Koronavirüsün ilk günlerinde Erdoğan'ın üç çocuk tavsiyesini hatırlatan AKP'li vekil "Şer gibi gözüken korona, hayra vesile olacaktır" diyerek iktidarın, salgında kadına biçtiği rolü özetledi. Erkek egemen devletin kadının ev içi emeğini görmezden gelen tavrına şaşırmıyoruz. Devletin bekasının kadın emeği sömürüsüne dayandığından hareketle yeni yasalar, baskı ve şiddet yoluyla kadınlara rıza üretmenin yollarının arandığını görüyoruz. Yapılan kalıcı yasa değişiklikleri ile kadınların her zamankinden fazla hak gaspına, cinsiyetçi emek sömürüsüne maruz kalacağını biliyoruz. Her gün önlem paketleri açıklanırken kadınların payına açlık, şiddet, ev işi düşüyor. Korunma önlemleri, kürtaj hakkı elinden alınıyor. İnfaz yasası ile taciz ve tecavüz failleri hiçbir tedbir alınmadan salıverilmeye çalışılıyor. Çıkarılan yasalar koronadan sonraki günleri de kapsayarak kazanımlarımızı yok etmeyi amaçlıyor.

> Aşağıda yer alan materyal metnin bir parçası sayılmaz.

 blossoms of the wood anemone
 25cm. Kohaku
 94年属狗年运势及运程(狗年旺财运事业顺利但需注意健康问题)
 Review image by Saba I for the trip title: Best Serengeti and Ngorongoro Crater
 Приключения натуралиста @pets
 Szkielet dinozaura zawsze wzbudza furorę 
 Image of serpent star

Virüs öldürmeyebiliyor ancak erkek şiddeti öldürüyor. İlk başta virüsü yeni bir tehlike olarak görerek virüsten korunmayı esas alan kadınlar, hayatlarındaki sürekli ve daha büyük tehdit olan erkek şiddetini fazlasıyla yaşamaya başladı. Buna karşın Çin'de şiddet üç kat artarken boşanmanın da bir o kadar artış göstermesi kadınların eskisi gibi yaşamayacaklarını gösteriyor. Şiddetle, yasalarla erkek şiddetine rıza üretilemeyen kadınların öfkesinin bir süre sonra yasak tanımayarak sokağa da taşacağını şimdiden öngörebiliriz. Kadınların yaşam hakkı için sokağa çıkma hakkı kadınlara yasaklanamaz.

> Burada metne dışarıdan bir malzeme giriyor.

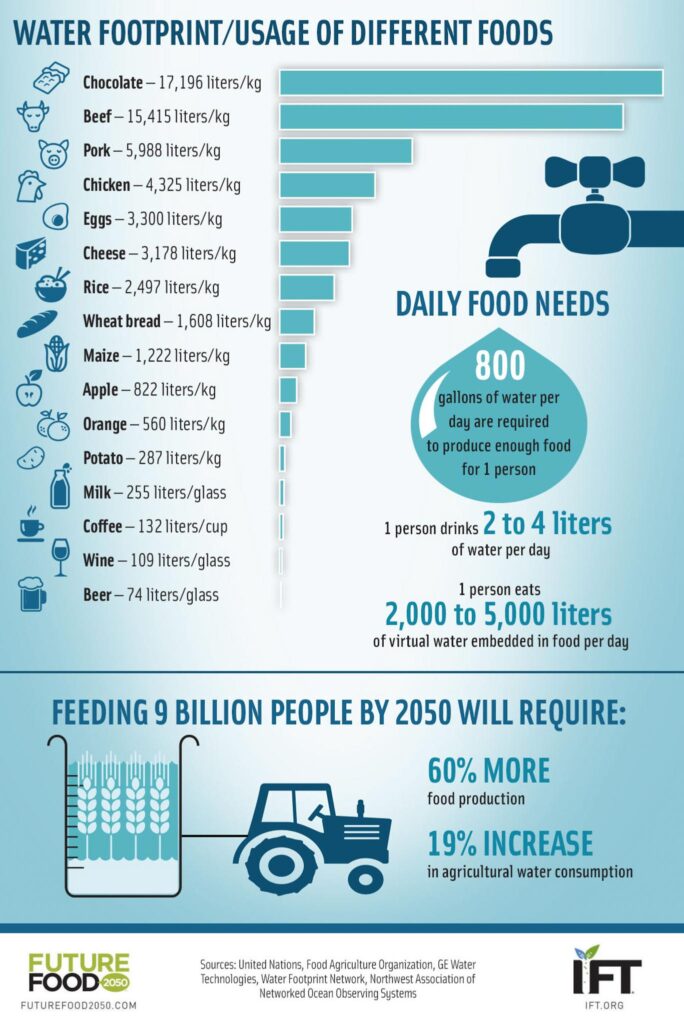 Infograph displaying the hidden water use of common foods. Our food choices play a part in our personal water footprint.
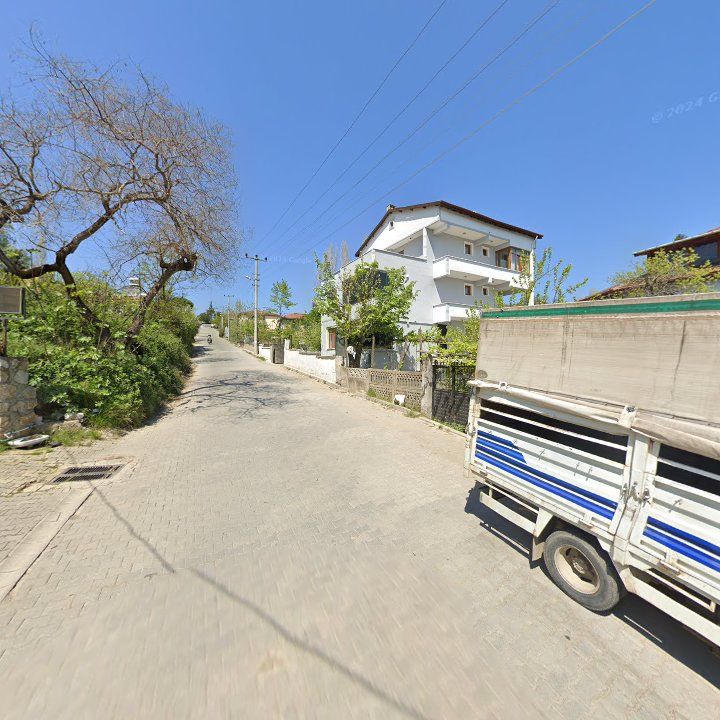 Fotoğraf 8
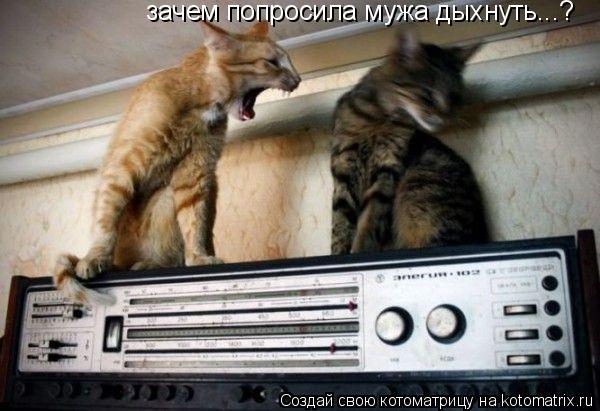зачем попросила мужа дыхнуть...?... Котоматрица: зачем попросила мужа дыхнуть...?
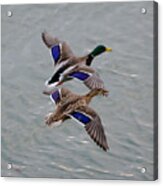 Mallards In Flight Acrylic Print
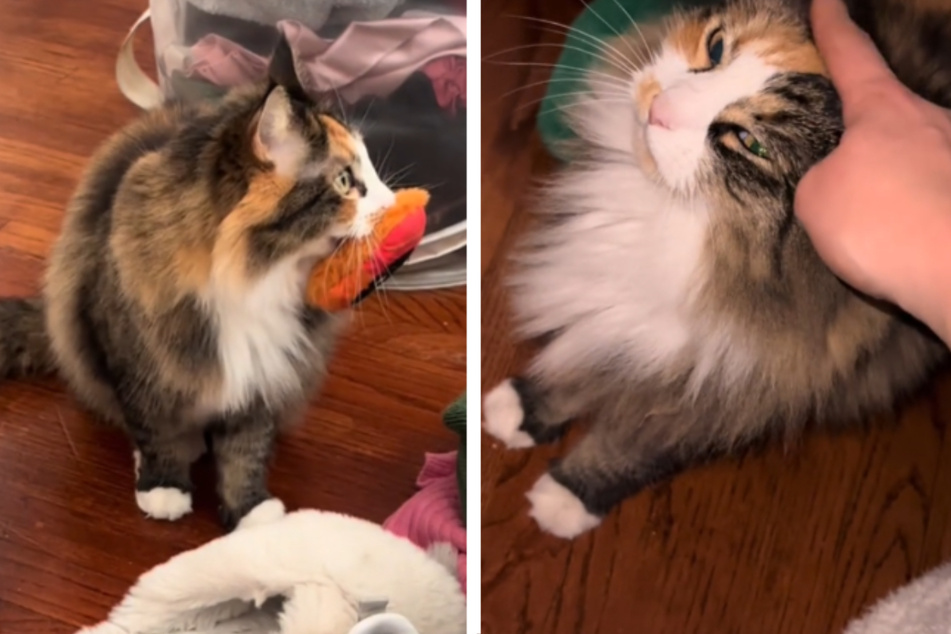 Cat's gift-giving proves better than owner's exes: "If they wanted to, they would"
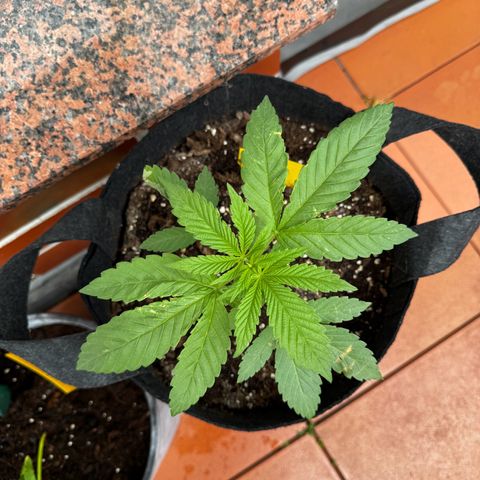 Experiment | Wellige Blätter growlog timeline photo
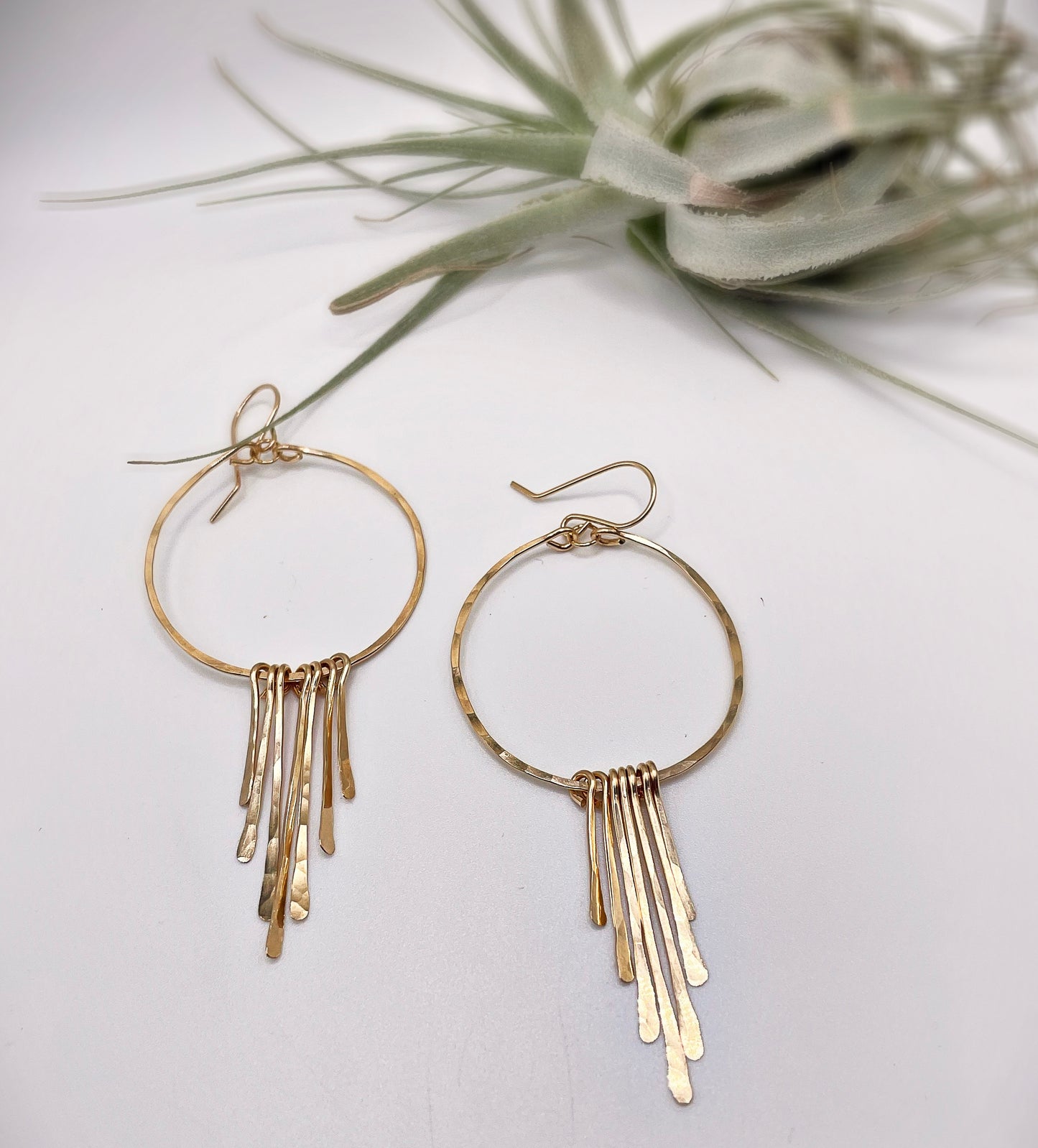 Beach Palm Hoops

Kadına yönelik şiddet karşısında tüm kapıları kapatan erkek egemen iktidarlara karşı kadınlar yeni biçimler bulmakta oldukça yaratıcı. Küresel salgında küresel olan erkek şiddetine karşı tıpkı kadın grevinde olduğu gibi farklı biçimlerle mücadele etmenin imkanı her zamankinden daha güçlü.

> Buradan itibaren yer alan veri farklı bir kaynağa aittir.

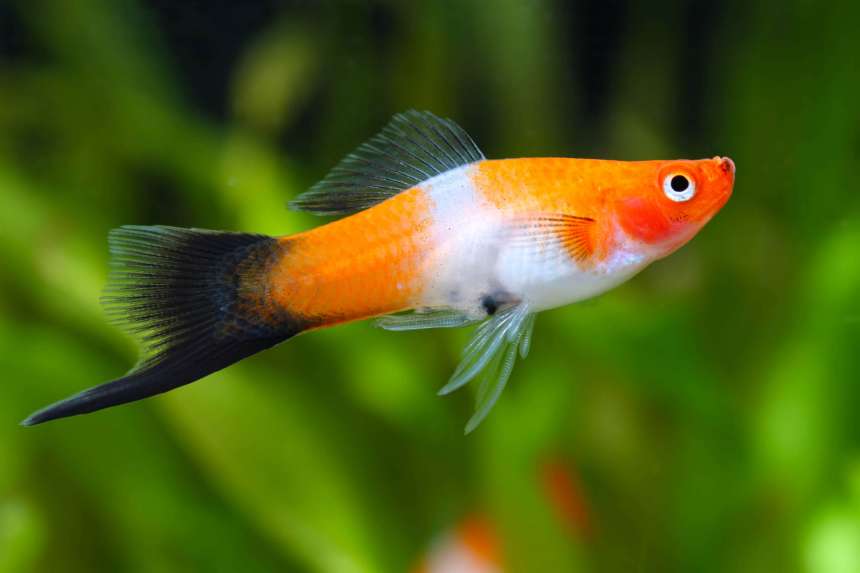 BLACK TAIL KOHAKU SWORDTAIL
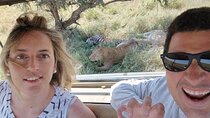 4 Days Tarangire Serengeti Ngorongoro Crater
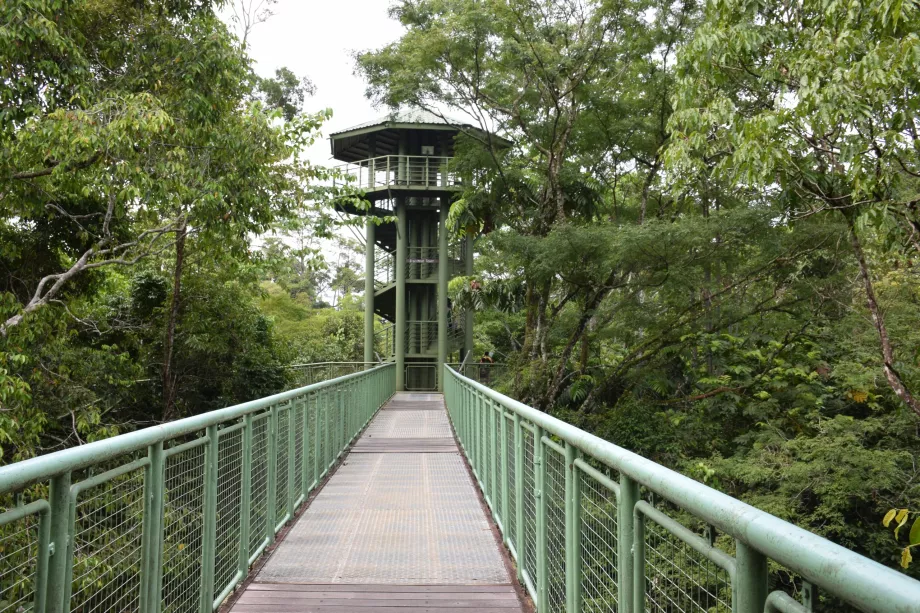 Centro di scoperta della foresta pluviale, Sepilok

Yaşamımızı tehdit eden erkek şiddetine, cinsiyetçi iş bölümüne karşı yeni bir kadın grevinin yeni biçimleri örgütleyebiliriz. Ses çıkarma eylemleri ile kadınlara seslenerek yalnız olmadıklarını söylemeliyiz. Kadınlar birlikte güçlü, yalnız değiliz ve başvuracağımız yerler var diyebiliriz. Ev işinin yalnızca kadınların görevi olmadığını gösteren görseller yaparak yaygınlaştırabiliriz. Kadına yönelik şiddete karşı acil başvuru hattı talebimizi yükseltirken özsavunma görselleri ile kadınların şiddet karşısında çaresiz olmadığını gösterebiliriz. Kurulan ve yaygınlaşan dayanışma ağlarını kadınların taleplerini yükseltmek için kullanabiliriz. Çeşitli semboller kullanarak taleplerimizi görünür hale getirebiliriz. Tüm dünyada kadınlar artık eskisi gibi yaşamayacaklarını eylemleri ile gösterdiler. Çelişkilerin arttığı böyle dönemler, kadın devriminin yolunu daha hızlı açar, yeter ki kapıyı açmak için bir adım atalım.